Distante, no entanto, do lugar-comum dos filmes apocalípticos, mostra a tecnologia não como nêmesis, mas como útil para superar nossas limitações (como na interação com a neurociência) e para abrir os olhos da humanidade sobre seus outros trunfos. “Quem diria que [o computador] guiaria um míssil antes de uma bicicleta, criaria prelúdios plausíveis de Bach antes de bate-papos plausíveis”, indaga. “Esquecemos do que é de fato impressionante e os computadores estão nos lembrando disso.”
Dessa forma, o livro joga luz sobre o processo de organização social humana. Em especial, aborda a automatização e especialização que levam à mecanização de nossas relações e atividades, num processo que nos transforma em máquinas bem antes de existir tecnologia para nos substituir – outra prova a favor da ‘absolvição’ da IA. “O câncer é a eficiência, a inteligência artificial é a terapia com larvas”, decreta.
Xadrez, paquera e um livro
Um olhar científico transdisciplinar sobre comportamentos ‘imitáveis’ pela máquina traz vislumbres fascinantes sobre nossas práticas de comunicação e interação, muitas vezes presas entre convenções e generalidades. Nesse sentido, o estudo dos próprios chatbots foi fonte crucial de aprendizado para Christian: além de resgatar casos famosos, como o de Eliza, de 1964, que chamou a atenção por convencer como terapeuta, Christian estudou programas como o Cleverbot, uma ‘Wikipédia da conversação’ duas vezes vencedora como ’computador mais humano’ do torneio, e seus sucessores Elbot (de 2007) e Ultra Hall (de 2008). A análise ajudou a identificar armadilhas comuns que limitam a expressão de nossa humanidade.

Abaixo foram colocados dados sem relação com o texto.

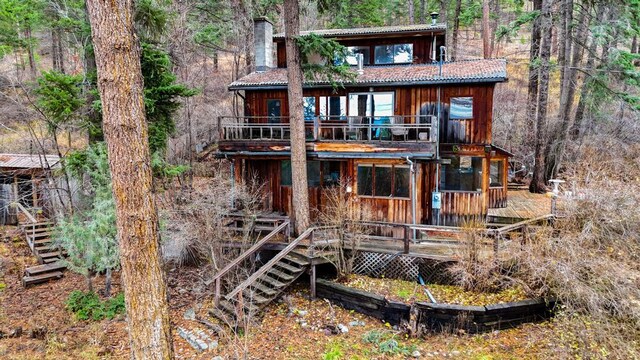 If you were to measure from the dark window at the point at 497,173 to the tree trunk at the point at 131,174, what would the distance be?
14388mm

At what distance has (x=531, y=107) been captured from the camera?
20.5m

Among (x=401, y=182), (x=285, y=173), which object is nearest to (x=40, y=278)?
(x=285, y=173)

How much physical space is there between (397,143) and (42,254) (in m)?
14.2

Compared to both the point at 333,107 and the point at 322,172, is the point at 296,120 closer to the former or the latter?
the point at 322,172

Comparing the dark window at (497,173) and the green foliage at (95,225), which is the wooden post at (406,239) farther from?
the green foliage at (95,225)

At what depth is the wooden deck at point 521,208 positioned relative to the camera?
46.1 feet

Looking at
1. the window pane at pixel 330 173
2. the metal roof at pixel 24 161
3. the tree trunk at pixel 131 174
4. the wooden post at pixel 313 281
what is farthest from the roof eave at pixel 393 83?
the metal roof at pixel 24 161

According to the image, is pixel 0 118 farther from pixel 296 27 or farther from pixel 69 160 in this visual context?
pixel 296 27

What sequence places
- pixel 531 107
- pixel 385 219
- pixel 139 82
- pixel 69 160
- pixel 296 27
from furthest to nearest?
1. pixel 531 107
2. pixel 385 219
3. pixel 296 27
4. pixel 69 160
5. pixel 139 82

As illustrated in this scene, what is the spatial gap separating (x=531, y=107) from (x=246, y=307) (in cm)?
1823

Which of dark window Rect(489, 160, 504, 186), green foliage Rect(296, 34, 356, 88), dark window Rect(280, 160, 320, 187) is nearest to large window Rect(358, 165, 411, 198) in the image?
dark window Rect(280, 160, 320, 187)

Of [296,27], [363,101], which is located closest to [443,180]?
[363,101]

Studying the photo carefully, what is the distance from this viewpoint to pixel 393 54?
1738cm

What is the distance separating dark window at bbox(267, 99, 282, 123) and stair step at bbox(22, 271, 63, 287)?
9.83 meters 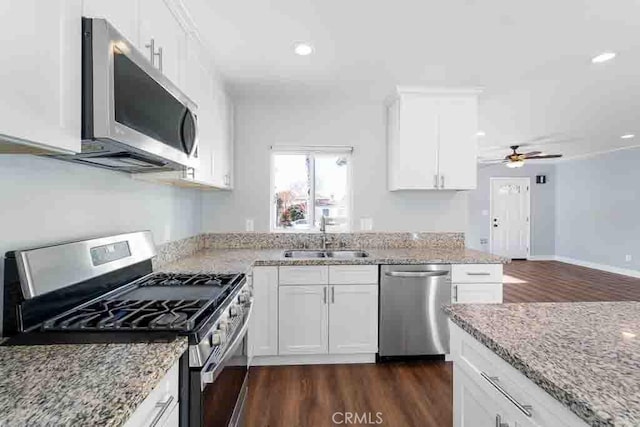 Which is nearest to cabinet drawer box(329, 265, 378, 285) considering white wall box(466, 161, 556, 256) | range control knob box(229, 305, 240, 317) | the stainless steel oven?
the stainless steel oven

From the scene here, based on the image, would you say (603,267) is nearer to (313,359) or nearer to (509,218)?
(509,218)

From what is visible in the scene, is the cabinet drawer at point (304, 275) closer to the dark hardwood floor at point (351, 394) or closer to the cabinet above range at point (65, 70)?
the dark hardwood floor at point (351, 394)

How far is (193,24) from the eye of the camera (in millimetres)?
2004

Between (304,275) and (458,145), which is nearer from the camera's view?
(304,275)

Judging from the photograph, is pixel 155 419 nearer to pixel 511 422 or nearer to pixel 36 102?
pixel 36 102

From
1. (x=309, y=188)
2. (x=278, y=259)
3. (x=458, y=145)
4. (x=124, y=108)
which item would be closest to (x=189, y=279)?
(x=278, y=259)

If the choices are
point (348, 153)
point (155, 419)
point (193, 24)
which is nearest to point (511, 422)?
point (155, 419)

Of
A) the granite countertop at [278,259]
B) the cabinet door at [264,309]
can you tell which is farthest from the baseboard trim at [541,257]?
the cabinet door at [264,309]

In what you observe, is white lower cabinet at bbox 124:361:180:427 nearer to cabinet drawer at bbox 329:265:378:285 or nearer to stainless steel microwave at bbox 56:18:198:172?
stainless steel microwave at bbox 56:18:198:172

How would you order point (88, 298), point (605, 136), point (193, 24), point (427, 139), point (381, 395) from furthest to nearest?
point (605, 136) → point (427, 139) → point (381, 395) → point (193, 24) → point (88, 298)

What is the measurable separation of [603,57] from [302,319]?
300 cm

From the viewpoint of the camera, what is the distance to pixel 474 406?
116 cm

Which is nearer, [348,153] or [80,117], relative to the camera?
[80,117]

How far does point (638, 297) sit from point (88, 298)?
666 centimetres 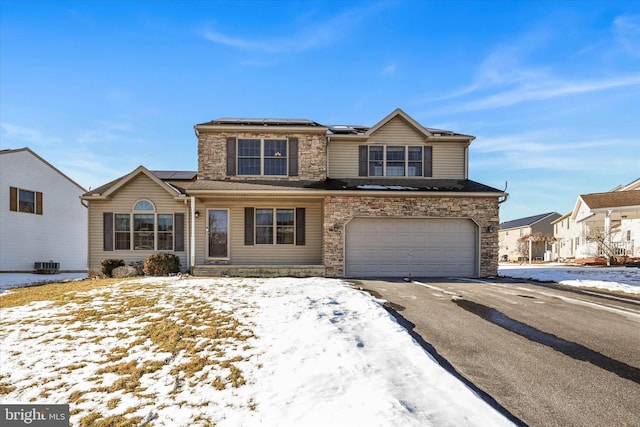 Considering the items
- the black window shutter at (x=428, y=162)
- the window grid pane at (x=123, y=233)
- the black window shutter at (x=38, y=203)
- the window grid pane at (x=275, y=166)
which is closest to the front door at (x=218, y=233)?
the window grid pane at (x=275, y=166)

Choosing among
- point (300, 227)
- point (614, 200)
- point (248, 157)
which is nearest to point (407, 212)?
point (300, 227)

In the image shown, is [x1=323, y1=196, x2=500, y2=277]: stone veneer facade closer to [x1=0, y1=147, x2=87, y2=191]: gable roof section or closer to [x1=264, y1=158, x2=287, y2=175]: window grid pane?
[x1=264, y1=158, x2=287, y2=175]: window grid pane

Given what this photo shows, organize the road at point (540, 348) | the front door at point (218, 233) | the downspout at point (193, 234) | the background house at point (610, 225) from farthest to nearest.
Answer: the background house at point (610, 225) < the front door at point (218, 233) < the downspout at point (193, 234) < the road at point (540, 348)

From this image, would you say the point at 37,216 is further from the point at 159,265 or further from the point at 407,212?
the point at 407,212

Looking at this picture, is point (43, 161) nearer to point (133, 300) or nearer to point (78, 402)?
point (133, 300)

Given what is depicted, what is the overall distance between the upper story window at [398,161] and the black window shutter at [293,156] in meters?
2.89

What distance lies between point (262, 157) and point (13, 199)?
1445 centimetres

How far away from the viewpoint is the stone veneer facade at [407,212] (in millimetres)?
12289

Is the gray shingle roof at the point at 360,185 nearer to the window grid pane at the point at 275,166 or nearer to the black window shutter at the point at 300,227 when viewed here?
the window grid pane at the point at 275,166

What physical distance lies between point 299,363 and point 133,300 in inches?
218

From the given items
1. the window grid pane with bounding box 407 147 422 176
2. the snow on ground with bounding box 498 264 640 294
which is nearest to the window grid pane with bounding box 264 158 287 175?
the window grid pane with bounding box 407 147 422 176

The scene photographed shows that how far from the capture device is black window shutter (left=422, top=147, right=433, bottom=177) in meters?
14.0

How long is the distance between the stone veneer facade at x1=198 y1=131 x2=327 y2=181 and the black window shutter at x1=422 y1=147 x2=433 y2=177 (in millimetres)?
4487

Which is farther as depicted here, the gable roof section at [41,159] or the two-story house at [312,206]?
the gable roof section at [41,159]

É compreensível, mas ainda assim decepcionante, que, nesse ponto, Christian tenha se limitado ao estudo de chatbots e não abordado outras áreas de grande florescência da inteligência artificial, como os jogos digitais. Embora de natureza bem diferente, os games representam uma importante fronteira dessa tecnologia e uma indústria que investe recursos em pesquisas na área. Aliás, em 2012, um programa conseguiu vencer, pela primeira vez, uma variante do teste de Turing específica dos jogos digitais.

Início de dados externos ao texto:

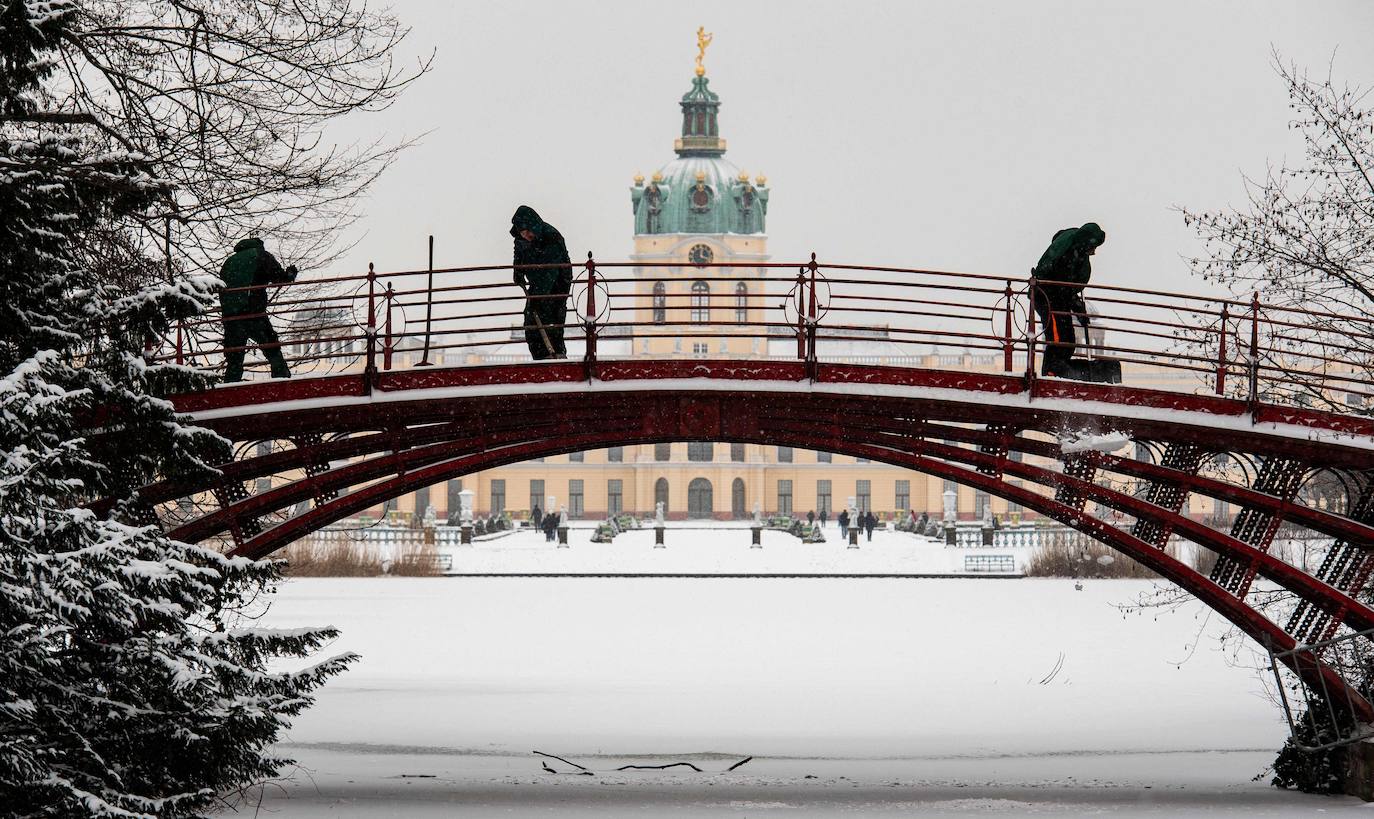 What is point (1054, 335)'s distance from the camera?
15977mm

De volta à obra, outra passagem imperdível estabelece uma analogia entre as relações humanas e a famosa partida de xadrez entre o Gari Kaspárov e o computador Deep Blue: apesar de derrotado pela máquina, o russo não reconheceu o mérito do adversário. Ele argumentou que errou ainda na abertura da partida decisiva, quando o computador guiava-se apenas por aberturas ‘de livro’, gravadas em sua memória – ou seja, sem jogar de verdade.

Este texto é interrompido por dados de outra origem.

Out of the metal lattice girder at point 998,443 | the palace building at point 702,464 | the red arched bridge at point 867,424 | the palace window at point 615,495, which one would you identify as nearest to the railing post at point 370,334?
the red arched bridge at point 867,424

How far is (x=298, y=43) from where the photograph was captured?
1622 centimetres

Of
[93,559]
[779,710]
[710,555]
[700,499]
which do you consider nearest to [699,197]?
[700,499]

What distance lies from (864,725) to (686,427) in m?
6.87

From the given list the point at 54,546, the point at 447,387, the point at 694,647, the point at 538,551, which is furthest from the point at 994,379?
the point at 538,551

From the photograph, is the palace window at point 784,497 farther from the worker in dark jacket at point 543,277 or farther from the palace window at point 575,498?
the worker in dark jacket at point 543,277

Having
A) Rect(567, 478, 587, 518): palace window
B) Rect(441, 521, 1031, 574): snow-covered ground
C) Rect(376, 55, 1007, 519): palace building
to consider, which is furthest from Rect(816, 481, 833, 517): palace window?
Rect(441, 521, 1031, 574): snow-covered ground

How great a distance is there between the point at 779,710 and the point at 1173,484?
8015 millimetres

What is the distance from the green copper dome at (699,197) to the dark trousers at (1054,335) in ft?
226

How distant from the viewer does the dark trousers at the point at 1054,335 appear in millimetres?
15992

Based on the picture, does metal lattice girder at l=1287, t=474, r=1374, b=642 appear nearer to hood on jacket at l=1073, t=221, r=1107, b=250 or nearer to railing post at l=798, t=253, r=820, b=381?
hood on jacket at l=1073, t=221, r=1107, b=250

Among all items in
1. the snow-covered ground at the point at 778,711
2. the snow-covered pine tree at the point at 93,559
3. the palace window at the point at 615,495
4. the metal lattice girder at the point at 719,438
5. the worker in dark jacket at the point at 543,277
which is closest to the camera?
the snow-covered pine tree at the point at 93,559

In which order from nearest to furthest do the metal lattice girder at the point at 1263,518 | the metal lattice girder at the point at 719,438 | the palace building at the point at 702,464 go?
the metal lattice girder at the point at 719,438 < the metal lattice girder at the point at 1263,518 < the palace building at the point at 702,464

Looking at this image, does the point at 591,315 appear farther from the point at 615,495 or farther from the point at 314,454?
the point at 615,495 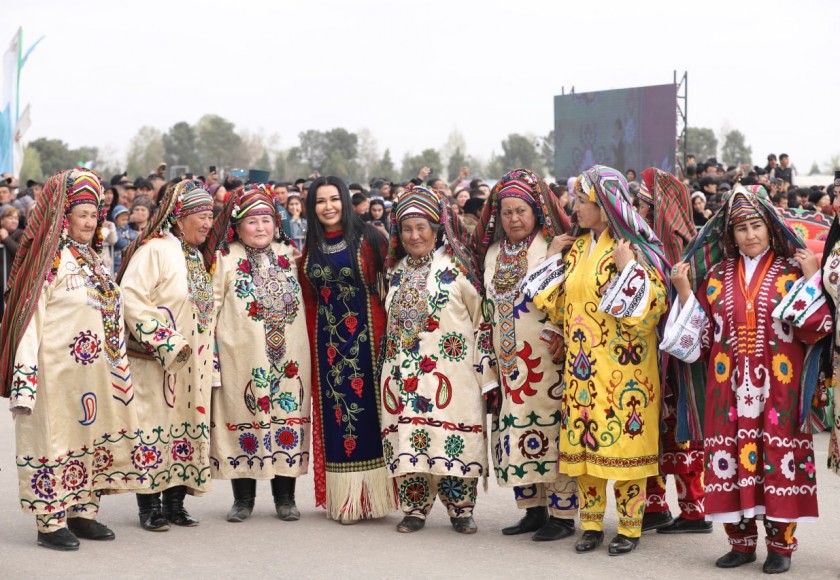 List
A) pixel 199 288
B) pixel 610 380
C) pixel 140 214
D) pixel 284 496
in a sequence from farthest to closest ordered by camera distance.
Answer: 1. pixel 140 214
2. pixel 284 496
3. pixel 199 288
4. pixel 610 380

Christian lembra, porém, que os ‘livros de abertura’ não existem apenas no mundo digital. Ele critica as técnicas usadas por certos gurus da sedução, que trocam a interação real por discursos sedutores pré-prontos, e defende a importância de ‘sair do livro’ em nosso dia a dia, superar ‘movimentos’ maquinais e superficiais que impedem uma interação verdadeiramente humana – pense nisso, por exemplo, na próxima conversa no táxi ou no elevador e tente marcar alguns pontos extras para a humanidade!
O mais humano?
O livro termina, é claro, logo após a competição de 2010 – a humanidade manteve sua invencibilidade, de ‘lavada’. Mas talvez você esteja se perguntando se tanta preparação deu a Christian o título que ele tanto almejava. Bom, não precisamos estragar o final, certo? Mas é simplesmente fascinante observar as reações muito ‘humanas’ do filósofo ao descrever sua experiência no momento da competição em si – em especial ao deixar um pouco de lado o objetivo coletivo e lamentar a identificação imediata entre um dos ‘confederados’ e um dos juízes do prêmio, ambos canadenses e fãs de hockey. Só mais uma das pequenas reflexões provocadas por O humano mais humano, uma bela obra que pode redefinir sua visão sobre a tecnologia e, principalmente, sobre a humanidade.